> **Exercise details**: Would you copy the records exactly, leaving the pictures out?

> **Excerpted records**:
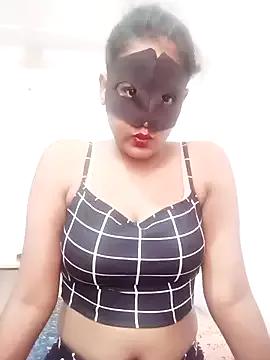 ROXY_ROSY from StripChat is Freechat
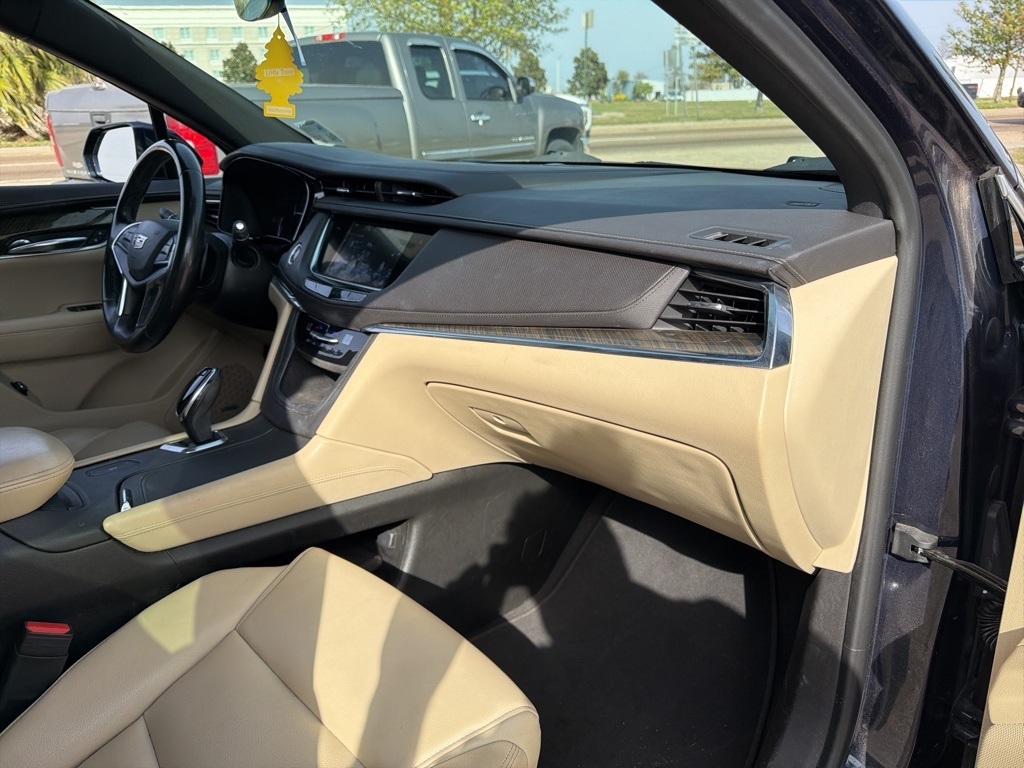 Cadillac XT5 Base 2017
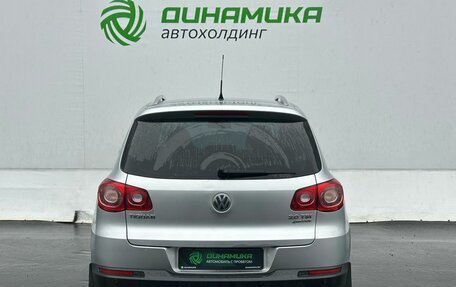 Volkswagen Tiguan I, 2011 год, 1 040 000 рублей, 6 фотография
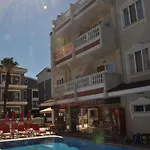 Basils Μαρμαρίς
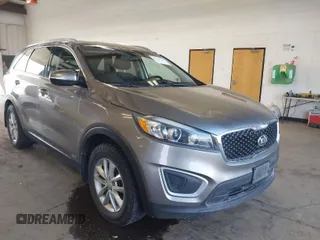 2016 Kia Sorento LX with VIN 5XYPGDA33GG047263, listed as a IAAI auction lot 41772680 with 146,683 mi miles. Bid and sale history available at carsss.com. Image 1.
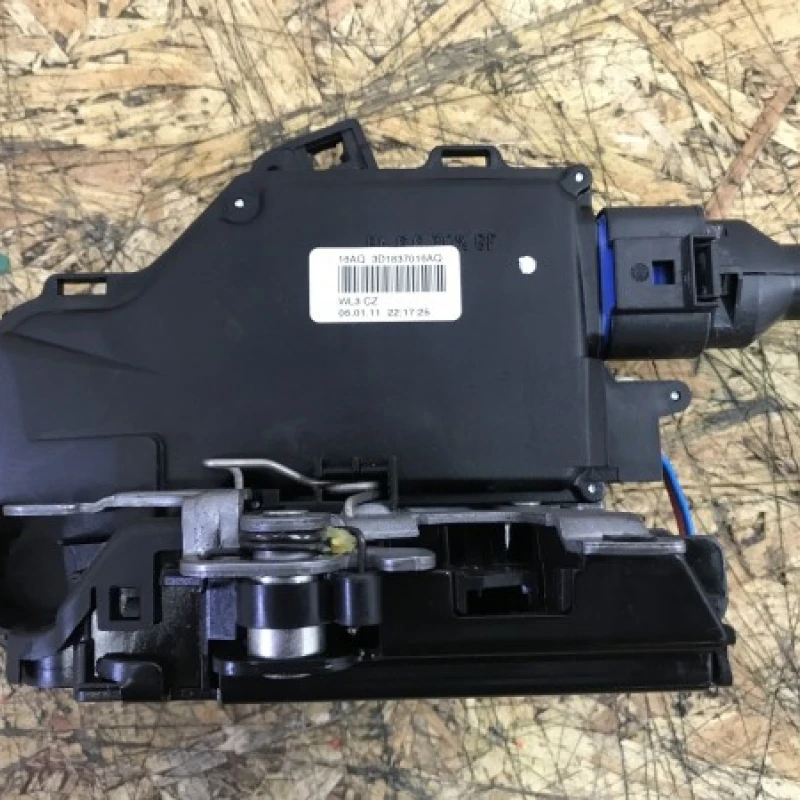 Iala broasca usa dreapta fata / Volkswagen Golf Plus MK6 2011 / Caroserie, oglinzi si faruri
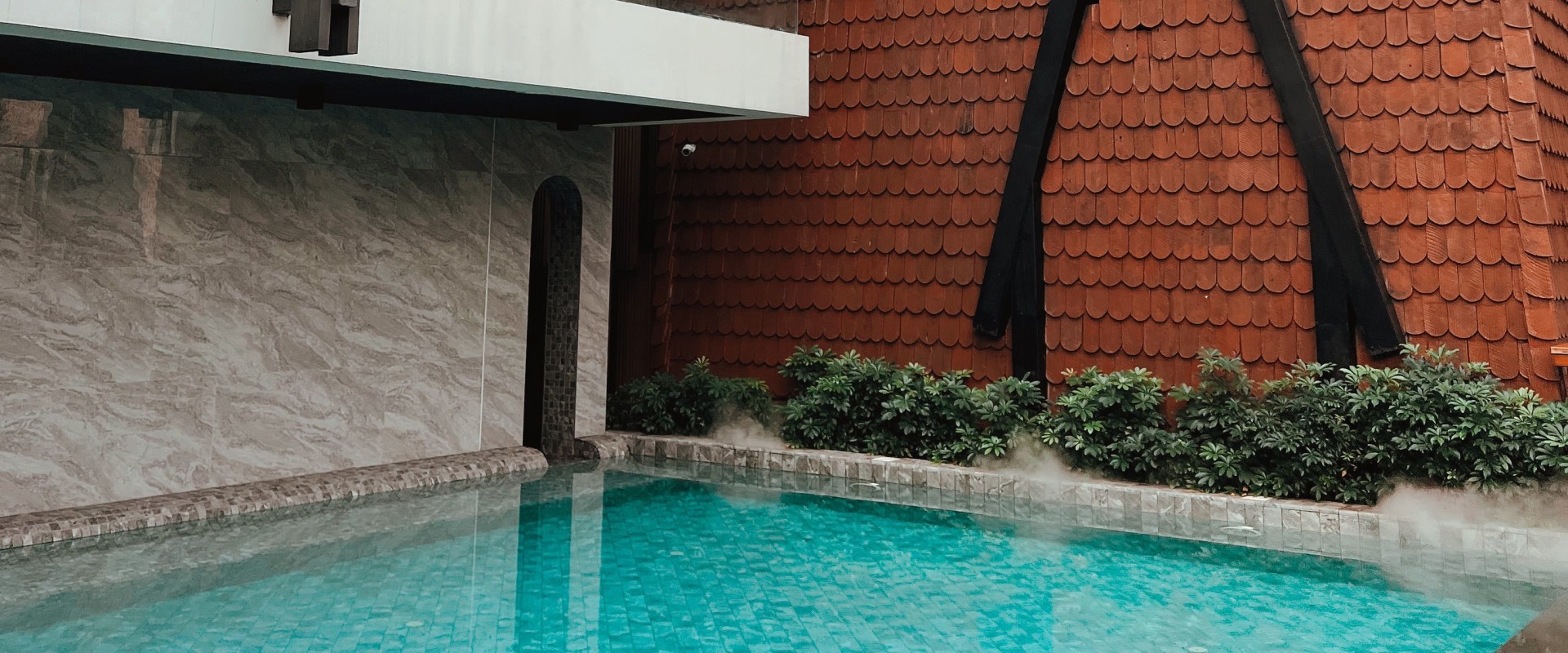 Enhance Your Outdoor Space with Concrete Repair & Pool Building in Rapperswil-Jona
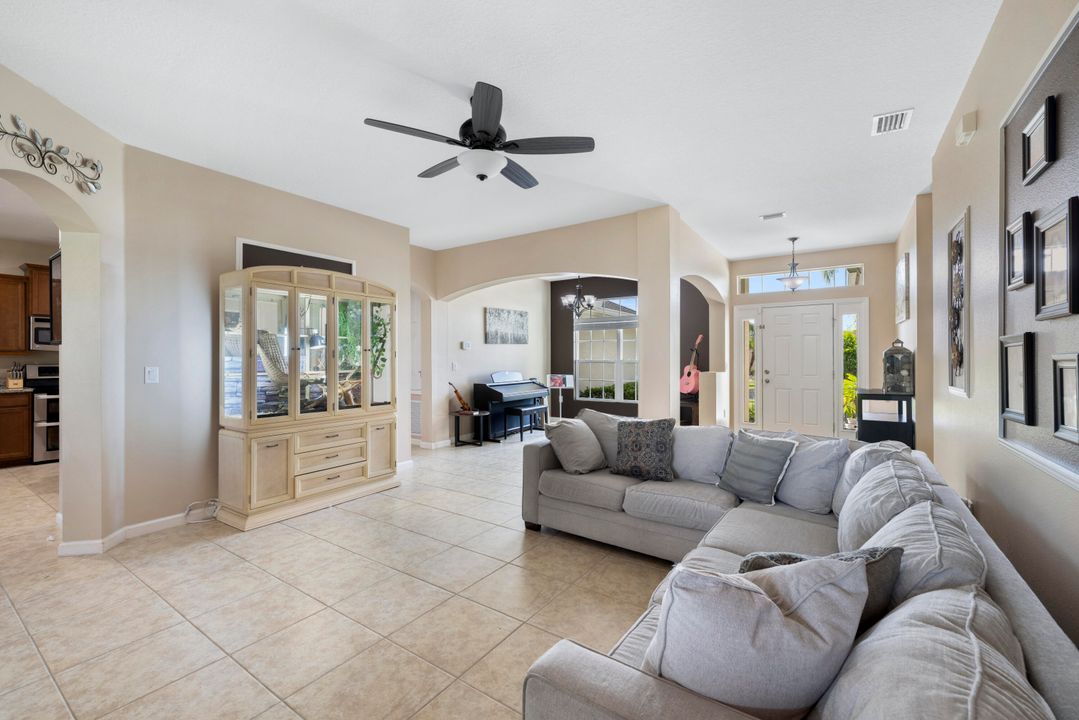 En Venta: $515,000 (4 camas, 3 baños, 2545 Pies cuadrados)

> **Expected answer**:
 ROXY_ROSY from StripChat is Freechat
 Cadillac XT5 Base 2017
 Volkswagen Tiguan I, 2011 год, 1 040 000 рублей, 6 фотография
 Basils Μαρμαρίς
 2016 Kia Sorento LX with VIN 5XYPGDA33GG047263, listed as a IAAI auction lot 41772680 with 146,683 mi miles. Bid and sale history available at carsss.com. Image 1.
 Iala broasca usa dreapta fata / Volkswagen Golf Plus MK6 2011 / Caroserie, oglinzi si faruri
 Enhance Your Outdoor Space with Concrete Repair & Pool Building in Rapperswil-Jona
 En Venta: $515,000 (4 camas, 3 baños, 2545 Pies cuadrados)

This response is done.